The Arctic Ocean urgently needs environmental protections, says WWF Arctic head
"As a scientist I feel fairly pessimistic about the Arctic at the moment."
Environmental advocates warned that the Arctic Ocean needs further protections, and that it is critical they those are put in place soon.
There is dramatic urgency in this matter, says Peter Winsor, Arctic program director at the WWF, who participated in last week’s Arctic Frontiers conference in Tromsø, Norway.
“When I started to study the Arctic 20 years ago it was a completely different Arctic,” he said in a session on ocean health and blue growth. “Everything is changing now.”
The environmentalist, who is also an oceanography professor, made clear that “urgency is paramount.”

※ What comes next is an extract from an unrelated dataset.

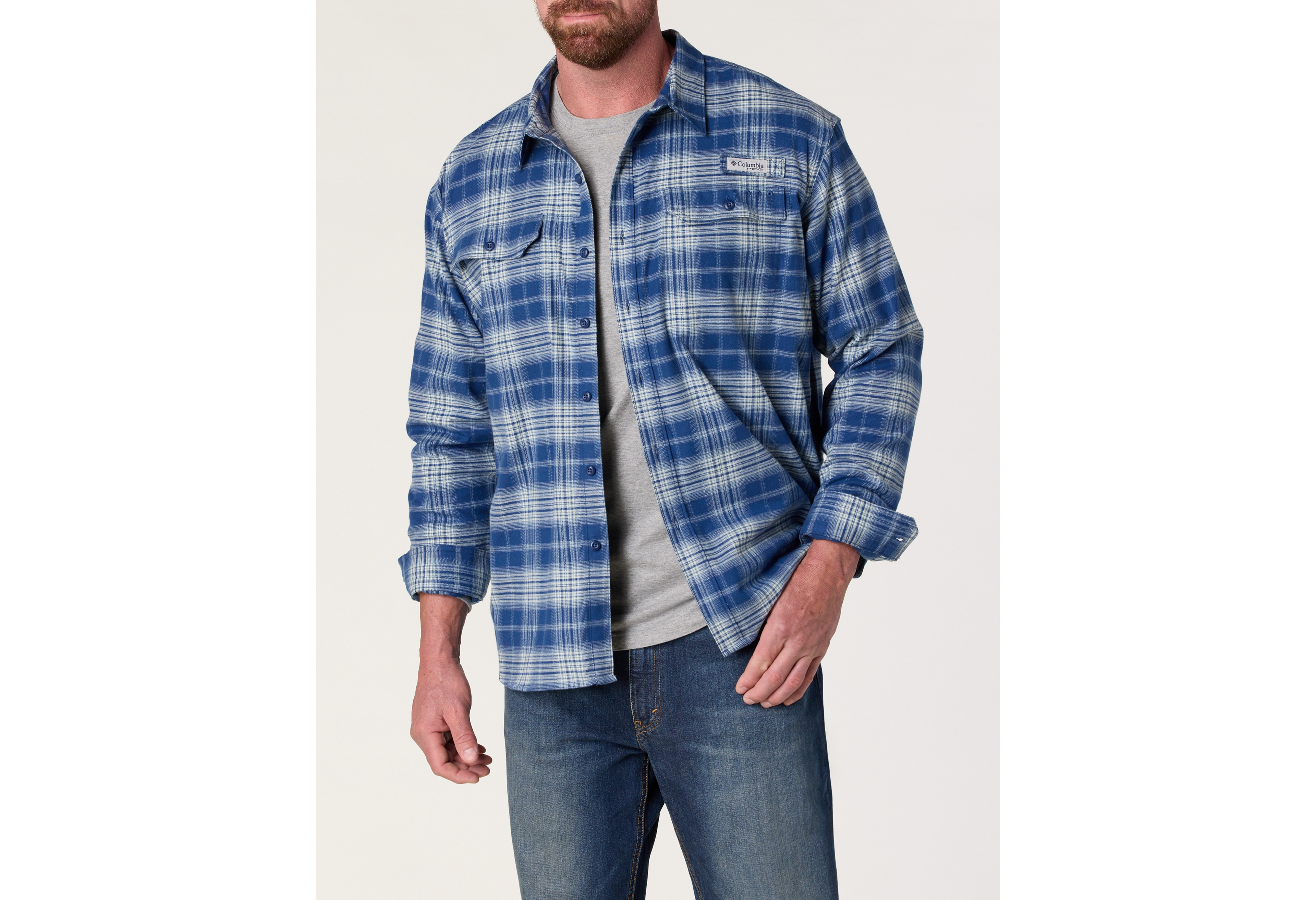PFG Topwater Tech Flannel Sport Shirt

“Ten to 20 years — that is the timescale that is pushing the Arctic into a completely new state,” he said. “The Arctic is warming and losing sea ice, it is an unprecedented change and the way we deal with that is a big challenge.”
Winsor called for precautionary measures, and praised the international agreement signed in 2018 on unregulated fishing in the Central Arctic Ocean.
“The Arctic Ocean is already a stressed ecosystem and it is being stressed even more now with climate change. If we are going to develop a sustainable blue economy we first need to think about ecosystem,” he said and made clear that bigger parts of the Arctic must be protected.
“As a scientist I feel fairly pessimistic about the Arctic at the moment,” he admitted.
In its report on Blue Economy from 2018, the WWF makes clear that a new open ocean is in the making and that a pan-Arctic, ecologically coherent network of Marine Protected Areas should be created. Many of the proposed measures are discussed also in the Arctic Council’s PAME working group.
Winsor challenged the Norwegian government, and said that Norway has protected less than 1 percent of its Arctic waters.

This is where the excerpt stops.